Researchers said the findings underscore the importance of safe prescribing practices and may help inform future efforts to standardize opioid prescribing after pediatric surgery.
"Although opioids can be an important component of pain management after surgery, children are uniquely vulnerable to opioid-related harms, and research shows that surgery is often their first exposure to opioids," said first author Anoosha Moturu, MD, MS, a fourth-year general surgery resident at Stanford Medicine and former clinical scholar at the American College of Surgeons (ACS). "Understanding current prescribing patterns is an important step toward ensuring each prescription is intentional, appropriate and as safe as possible."
Rates of opioid overdose have increased sharply since 2000, including among children and teenagers, and remain a public health concern.

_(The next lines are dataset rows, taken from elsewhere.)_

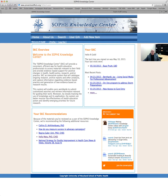Hi, this is Bob Gold, and in this third video of our series on the SOPHIE Knowledge Center, we're going to look at the search function in the Knowledge Center.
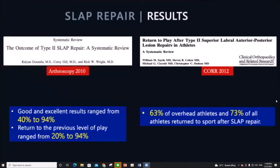Systematic reviews have shown mixed outcomes for Type 2 repairs. These results lack Level 1 and 2 evidence for SLAP repair outcomes, and not all studies focus on overhead athletes, falsely overrating success rates.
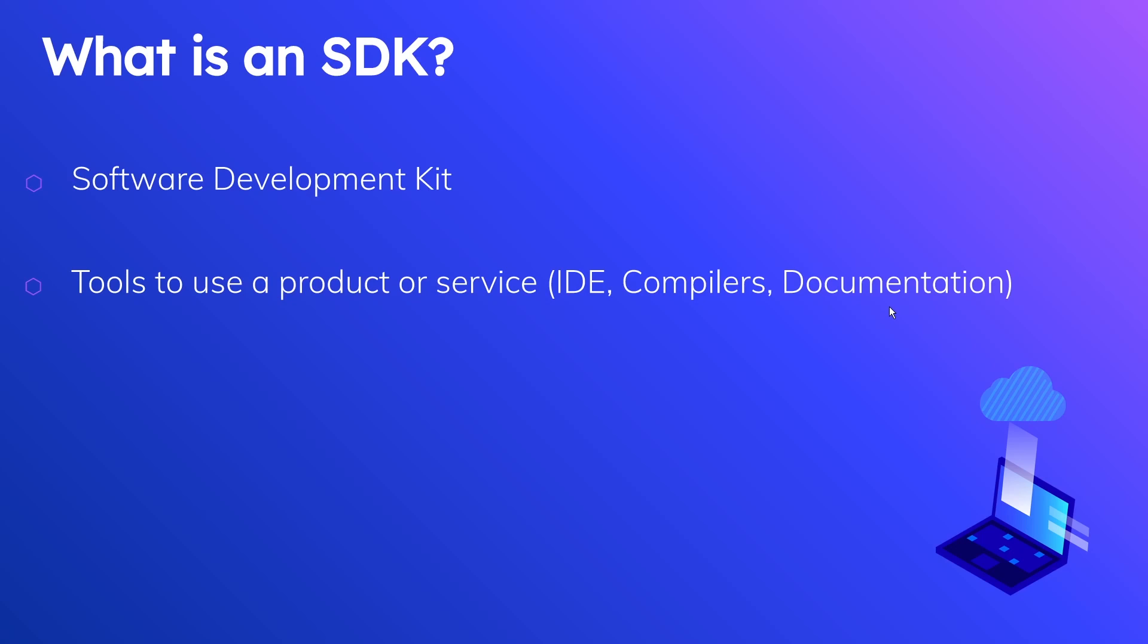An important thing to note here, probably the most important thing, is this third point: SDKs can contain utility classes to call an API. Take a second to try and wrap your head around that. An SDK contains classes to call an API. An API does not contain anything regarding the SDK, but the SDK contains things that help you to call an API.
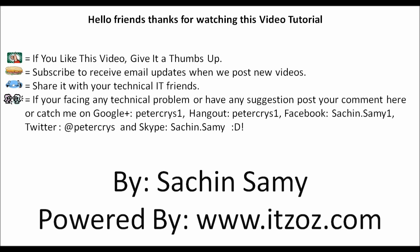This video tutorial is presented by Sachin Samy powered by ITZOZ.com. And you are watching this on YouTube.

Yet few pediatric surgery guidelines exist to help clinicians determine when opioids are needed after surgery and how much medication should be prescribed.
Researchers analyzed opioid prescribing after pediatric surgery using data from the American College of Surgeons (ACS) National Surgical Quality Improvement Program–Pediatric (NSQIP-Pediatric) and the Pediatric Health Information System. The study included nearly 143,000 operations performed at 157 U.S. hospitals in 2023.
Study results
Among 142,748 pediatric surgery patients:
- Thirty-one percent received an opioid prescription at discharge.

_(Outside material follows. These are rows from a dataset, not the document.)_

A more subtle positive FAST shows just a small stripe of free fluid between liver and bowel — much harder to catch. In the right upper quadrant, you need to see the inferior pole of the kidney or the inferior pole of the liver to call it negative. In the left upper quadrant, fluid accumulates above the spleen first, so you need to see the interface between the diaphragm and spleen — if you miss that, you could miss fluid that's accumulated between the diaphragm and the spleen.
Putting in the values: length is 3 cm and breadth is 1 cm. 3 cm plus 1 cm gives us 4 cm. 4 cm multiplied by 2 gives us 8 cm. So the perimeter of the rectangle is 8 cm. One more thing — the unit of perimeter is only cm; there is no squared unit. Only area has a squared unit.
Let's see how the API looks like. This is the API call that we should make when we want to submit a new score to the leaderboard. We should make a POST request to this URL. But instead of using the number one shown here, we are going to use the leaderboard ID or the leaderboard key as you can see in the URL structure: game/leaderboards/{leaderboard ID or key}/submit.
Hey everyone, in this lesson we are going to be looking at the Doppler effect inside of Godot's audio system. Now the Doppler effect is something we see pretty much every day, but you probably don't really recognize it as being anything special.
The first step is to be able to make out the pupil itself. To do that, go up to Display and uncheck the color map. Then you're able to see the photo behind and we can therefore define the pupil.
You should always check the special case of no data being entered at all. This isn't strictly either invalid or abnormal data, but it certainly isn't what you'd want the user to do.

- Prescribing rates varied substantially by procedure type. Children were most likely to be prescribed opioids after chest wall surgery (82%), lower-extremity procedures (78%) and spine surgery (77%). Appendectomy (5.4%) and airway procedures (4.3%) had some of the lowest opioid prescribing rates.
- Fracture repairs, spine surgeries, lower-extremity procedures and reconstructive operations accounted for nearly half of all opioid prescriptions in the study after accounting for procedural volume.
- The researchers also observed substantial variation in prescribing practices across hospitals for several types of surgical procedures, particularly for otology, craniofacial and cleft lip-palate procedures.
"Children are receiving very different pain-management approaches depending on where they are treated and the type of surgery they undergo," Moturu said. "While variation does not necessarily mean one approach is better than another, it raises important questions about how to promote more consistent, evidence-based postoperative pain management."
The findings may help identify procedures where opioid prescribing can be reduced or avoided, particularly those with consistently low prescribing rates, the authors said. Procedures with high or highly variable prescribing rates may represent opportunities to expand alternative pain-management strategies and reduce variation in care across hospitals.
"This study highlights the importance of analyzing large-scale opioid prescribing patterns to support safe, effective postoperative pain management in children and help hospital systems standardize care," said senior author Mehul V. Raval, MD, MS, MBA, FACS, division head of pediatric surgery at the Ann & Robert H. Lurie Children's Hospital of Chicago. "Benchmarking these data helps us identify opportunities to improve pain management and eliminate opioids where appropriate."
In 2025, the ACS released an updated Pediatric Safe and Effective Pain Control After Surgery Guide, which provides hospitals and patients with recommendations and resources for safe postoperative pain control. The ACS Children's Surgery Verification Program also includes a standard specifically focused on facilitating safe opioid prescribing patterns among verified hospitals.
The authors noted several limitations. The study did not account for inpatient pain-management practices before discharge, the amount of opioid medication prescribed, whether prescriptions were filled, how much medication patients ultimately used or what non-opioid pain-management strategies were employed among hospitals and patients.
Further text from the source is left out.